On the Tuesday night, he collected it again and took it for a several-hundred-kilometre thrash at maximum speed (no open-road speed limits in those days, remember) to bed everything in and see if anything would break. Nothing did. The car was fast and held together beautifully.
I got the car again on the Tuesday night and I drove it all night to Canberra and Yass. On Wednesday Dave put it back on the dyno and found it was up one and a half horsepower, so I told him to wind back the distributor!

I was just looking for an edge, and the edge just happened to be that it had to be as perfect a car as you could possibly get. – Bob Holden, AMC #91

In qualifying, the V8s predictably ruled the roost, the speed trap recording Conrod speeds nudging 190km/h. Since pole position had to go to a Class D car, it ended up falling to Studebaker driver Warren Weldon with a lap of 3:16.7. Chrysler Valiant V8 driver Digby Cooke was next-fastest with a 3:17.9, just ahead of the Nougher/O’Keefe Valiant at 3:18.3. Bob Holden, however, was keeping his powder dry for the race. His teammates had to be kept in the dark until the start of the race, so he and Aaltonen borrowed an idea from Harry Firth and recorded their practice laps at different reference points on the track to those of the official timekeepers.
You had to sandbag because if you were fastest you might find the numbers on your car had swapped overnight. There were no logbooks then. Rauno understood the team politics. I told him we shouldn’t show our full speed in qualifying and we should just back off after the Castrol Tower at Skyline. We were timing half laps and working out what a quick lap would be without setting one. – Bob Holden, AMC #91
Even so, the Minis were generally lapping in the 3:11-3:13 zone, making life hell for the big cars wallowing across the top of the mountain, and especially under braking for Murray’s. In fact, one of the Minis recorded such an astonishingly fast practice time that the race organisers came over and gave the Valiant drivers a dressing-down!
I do remember in practice quickly catching up to a good mate of mine, Bill Stanley, in his Cooper S going up the Mountain and his lap time dropped by a ridiculous amount, like about 8 seconds, because I shoved him all the way to the top! Jack Hinxman from the ARDC pulled me aside after that and said: "That Mini you were following did an amazing lap time, an extraordinary lap time, so if I catch you doing that again during the race I will black-flag you!" – Digby Cooke, quoted in Mark Oastler’s 1966 Bathurst 500: The Valiant V8 automatics that conquered The Mountain

At the green flag, the class-based grid ensured that even though they weren’t the fastest, the big Class D cars like the V8-powered Studebaker Larks and VC Valiant automatics led the field away.

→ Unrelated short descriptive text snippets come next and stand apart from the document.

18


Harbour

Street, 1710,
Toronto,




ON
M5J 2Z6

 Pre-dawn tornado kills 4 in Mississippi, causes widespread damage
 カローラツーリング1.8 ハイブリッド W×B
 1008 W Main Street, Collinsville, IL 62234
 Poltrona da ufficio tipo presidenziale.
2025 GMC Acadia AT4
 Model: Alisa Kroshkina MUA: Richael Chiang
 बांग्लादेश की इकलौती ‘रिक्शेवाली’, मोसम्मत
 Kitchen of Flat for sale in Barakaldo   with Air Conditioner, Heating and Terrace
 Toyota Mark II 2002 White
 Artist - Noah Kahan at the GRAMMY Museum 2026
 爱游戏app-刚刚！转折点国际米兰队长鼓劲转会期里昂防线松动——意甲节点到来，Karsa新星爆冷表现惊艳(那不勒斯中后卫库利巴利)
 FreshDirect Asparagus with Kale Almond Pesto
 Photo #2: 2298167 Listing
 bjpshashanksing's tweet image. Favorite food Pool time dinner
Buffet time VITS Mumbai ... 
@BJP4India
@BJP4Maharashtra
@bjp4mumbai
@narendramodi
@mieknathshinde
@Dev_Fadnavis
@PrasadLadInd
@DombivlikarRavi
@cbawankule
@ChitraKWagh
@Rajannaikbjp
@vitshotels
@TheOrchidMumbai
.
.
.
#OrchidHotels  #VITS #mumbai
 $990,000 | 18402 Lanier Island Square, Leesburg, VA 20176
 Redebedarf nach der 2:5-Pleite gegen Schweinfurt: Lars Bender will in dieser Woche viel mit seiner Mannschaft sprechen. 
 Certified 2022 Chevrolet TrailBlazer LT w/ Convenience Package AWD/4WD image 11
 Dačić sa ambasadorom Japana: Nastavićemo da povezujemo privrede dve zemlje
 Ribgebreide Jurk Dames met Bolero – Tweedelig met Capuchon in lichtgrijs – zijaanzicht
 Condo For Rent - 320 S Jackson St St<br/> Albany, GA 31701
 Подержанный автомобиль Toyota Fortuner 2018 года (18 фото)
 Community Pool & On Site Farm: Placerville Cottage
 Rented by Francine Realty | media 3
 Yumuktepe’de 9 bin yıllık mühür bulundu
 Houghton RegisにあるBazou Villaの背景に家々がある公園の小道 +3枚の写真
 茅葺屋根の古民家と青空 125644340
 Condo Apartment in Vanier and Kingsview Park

The Weldon/Slattery Studebaker leapt off the line with the two Valiant V8s in hot pursuit, but it wasn’t long before they were being dive-bombed by the swarm of Minis that were soon here, there and everywhere. Where the big cars were getting on the brakes at around 300 metres from the end of Conrod Straight, the fastest Coopers were still wide open on the throttle right up to the 100 metre board! Brian Foley talked about it in a 2005 issue of Mini Experience, which was recalled by Australian Muscle Car #91:
Timo [Mäkinen] and I were back in the pack. We were slipstreaming each other and then we’d change over so things wouldn’t overheat. Charlie Smith had got away to a fairly good lead. Then Timo and I got out out of the pack and were slipstreaming each other down Conrod and I can still remember to this day our cars were touching and when I looked through his rear window I could see his instruments. The old needle was wrapped around the end of the gauge. Anyway, here’s Charlie going down Conrod doing 104mph and Timo and I just drove past him at 114mph! He was furious and shaking his fist.
I'm not sure why he remembers Mäkinen being there when he wasn't; I guess memories get rusty after half a century. Regardless, within a few laps the big cars had already run out of answers to the speed of the Minis, which ran off into the distance in their private battle for outright honours. Aaltonen took the lead on lap 2 and held it until a stunned Foley, driving right on the ragged edge, managed to catch and pass him by lap 10. From there the two works drivers engaged in a furious dice for the lead as they sped away from the pack, setting a cracking pace as they slipstreamed each other down Conrod at 180km/h, often with barely a flicker of daylight between them. It all came to an end after only 25 laps when Aaltonen’s speed finally broke him, Foley limping into the pits with fading engine oil pressure caused by a crankshaft bearing failure. The other BMC entry of French and Harvey had already suffered wheel damage in a collision with the Eiffeltower Valiant, leaving the #13C the works team’s only hope. But Holden’s sleepless nights had paid off. Aaltonen’s pace in the opening stint was so great that the Finn was able to bring the car in for the first of two scheduled pit stops, change a single tyre (the hard-working right-front), refill the tanks and it hand over to Holden without losing the race lead!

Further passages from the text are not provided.